Major toxicities that limit dosage and duration of IFN therapy are bone marrow suppression with granulocytopenia and thrombocytopenia; neuropsychiatric disturbance manifested by depression, anxiety, somnolence, confusion, behavioral disturbance, electroencephalographic changes, and, rarely, seizures; reversible neurasthenia with profound fatigue, anorexia, weight loss, and myalgia; thyroid dysfunction and autoimmune thyroiditis; and cardiotoxicity with hypotension, arrhythmias, and reversible cardiomyopathy. Psychiatric disturbance and depression are more common in patients with preexisting disorders but can also occur in otherwise healthy individuals. Elevations in hepatic enzymes and triglycerides and retinopathy are common.32 IFN may lead to the development of or exacerbate various immunologically mediated disorders, including sarcoidosis, systemic lupus erythematosus, psoriasis, vitiligo, lichen planus, and eczematoid skin lesions. Rare pulmonary manifestations include interstitial pneumonia, bronchiolitis obliterans, organizing pneumonia, asthma, and pleural effusion.33 Alopecia, proteinuria, renal insufficiency, interstitial nephritis, autoantibody formation, bacterial infections, and hepatotoxicity occur.34 Acute allergic reactions are rare. Patients with autoimmune chronic hepatitis, who may have false-positive enzyme immunoassay tests for anti-HCV antibodies, can experience worsening of their disease if treated with IFN.35
The adverse effects of peg-IFNs are similar to the adverse effects with conventional IFNs, although dose-related neutropenia and thrombocytopenia and injection site reactions are more common.
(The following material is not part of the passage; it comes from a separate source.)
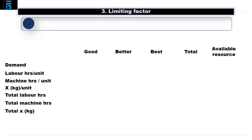Once we know what the scarce resource is, we then need to plan our production volumes to ensure we optimise the use of that resource and thereby maximise profits. Remember, we are always going to assume that profit maximisation is the main objective of the business. The easiest way to cover this is to go through an example.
About 50% of peg-IFN–treated patients with chronic hepatitis C develop fatigue and systemic symptoms after injections; 20% to 30% experience depression or other psychiatric reactions; and approximately 10% to 16% discontinue treatment because of adverse events, most commonly psychiatric disorders.36,37 Peg-IFN-α2a may be associated with a lesser frequency of depression.37
The development of serum neutralizing antibodies to exogenous IFNs varies with the IFN type, dosage, and route of administration but may be more common with IFN-α2a.38 Neutralizing antibodies may be associated infrequently with loss of clinical responsiveness.27 Pegylation may reduce the immunogenicity of IFNs, and anti-PEG antibody seems to be rare.
IFNs may impair fertility and alter hormone levels in women. IFN is an abortifacient in monkeys at high dosages and has been used in small numbers of pregnant women, so safety during pregnancy is not established.39 It is classified as pregnancy category C.